Do you have any idea how much power DQ termination uses?

> GPU physical memory architecture:
> GPU comes in an FBGA which is
> soldered to the same board as the DRAM FBGAs. DQs are point-to-point with just
> two solder balls near the ends of the line. GPU provides 1 clock pair per 16
> DQs. The pin data rate is something like 4 Gb/s/pin.
>
> This is good for high
> bandwidth and low power, but it means you configure the memory when you solder
> everything down.

I've been told by folks who design both DDR3 and GDDR5 memory controllers that the latter is noticeably more power efficient when measured by pJ/bit. I suspect it is for many of the reasons you have outlined.
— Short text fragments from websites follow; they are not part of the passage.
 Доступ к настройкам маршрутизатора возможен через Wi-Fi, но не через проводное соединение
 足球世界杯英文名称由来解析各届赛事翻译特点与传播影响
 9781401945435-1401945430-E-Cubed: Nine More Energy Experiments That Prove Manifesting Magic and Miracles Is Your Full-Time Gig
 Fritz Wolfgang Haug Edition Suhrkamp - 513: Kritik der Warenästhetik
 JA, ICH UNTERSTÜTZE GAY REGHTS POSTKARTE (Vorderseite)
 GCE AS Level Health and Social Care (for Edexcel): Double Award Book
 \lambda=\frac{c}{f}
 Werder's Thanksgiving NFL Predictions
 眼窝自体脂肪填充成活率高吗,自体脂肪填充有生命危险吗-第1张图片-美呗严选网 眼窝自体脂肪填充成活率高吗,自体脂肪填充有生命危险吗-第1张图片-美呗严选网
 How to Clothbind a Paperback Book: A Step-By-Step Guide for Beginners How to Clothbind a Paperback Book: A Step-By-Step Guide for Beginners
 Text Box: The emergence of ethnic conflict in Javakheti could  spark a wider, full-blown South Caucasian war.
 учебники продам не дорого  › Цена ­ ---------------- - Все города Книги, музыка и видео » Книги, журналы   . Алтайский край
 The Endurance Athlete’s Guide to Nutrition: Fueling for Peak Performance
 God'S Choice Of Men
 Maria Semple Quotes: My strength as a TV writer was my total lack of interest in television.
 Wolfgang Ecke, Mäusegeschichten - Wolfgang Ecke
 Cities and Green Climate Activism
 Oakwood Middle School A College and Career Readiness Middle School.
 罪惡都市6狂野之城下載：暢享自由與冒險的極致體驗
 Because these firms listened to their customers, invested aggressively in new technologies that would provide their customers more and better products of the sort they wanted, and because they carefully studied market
Of course, the catch is that GDDR5 latency is pretty awful. Part of that is architectural, but I suspect part is related to the things that make GDDR5 so energy efficient.

> My proposal:
> For many years now, it has seemed to me that
> CPUs should be sold as GPUs are sold, soldered onto little boards with their
> DRAM, with one-to-one data pins between CPU and DRAM. Any given CPU core/speed
> might be offered with 2 different memory loads. For example, you might be able
> to buy a 3 GHz, 4 core CPU with 8 GB or 16 GB of DRAM as a unit. This would
> double the number of SKUs shipped by CPU board manufacturers. The CPU board
> would plug into the motherboard as GPUs do now, and it's conceivable that you
> might be able to select between plugging in CPUs and GPUs.
>
> A 16 GB load of 2
> Gb chips is 72 DRAM chips, which can be implemented one-to-one with x8 DRAMs and
> 576 data pins. Obviously some of the lines will have to be somewhat long (7-8
> cm?), but I don't think that requires active termination. 32 GB/CPU package and
> larger configs would require x4 chips and buffering, and perhaps chip stacking
> for the really large memory loads.
>
> My guess is that GPUs (and their memories)
> burn much less IO power per data data bandwidth than CPUs. This proposal would
> bring CPUs up to par, and eliminate most of the expensive CPU and DIMM
> connections in the system, increasing system reliability and decreasing
> cost.
>
> From a business point-of-view, the combined product encapsulates quite
> a bit more of the high-cost portion of the system. It would lead to a big
> shakeup as DIMM and motherboard manufacturers duke it out to see who ends up
> being good at shipping a high-cost commodity with price-volatile components on
> it.

I think the other question is how would you handle servers? I think you can argue that the configuration options in modern systems is excessive and that sacrificing a bit to improve cost/power is reasonable. But would that kind of memory arrangement scale to servers where you want ~1TB of memory in the near future.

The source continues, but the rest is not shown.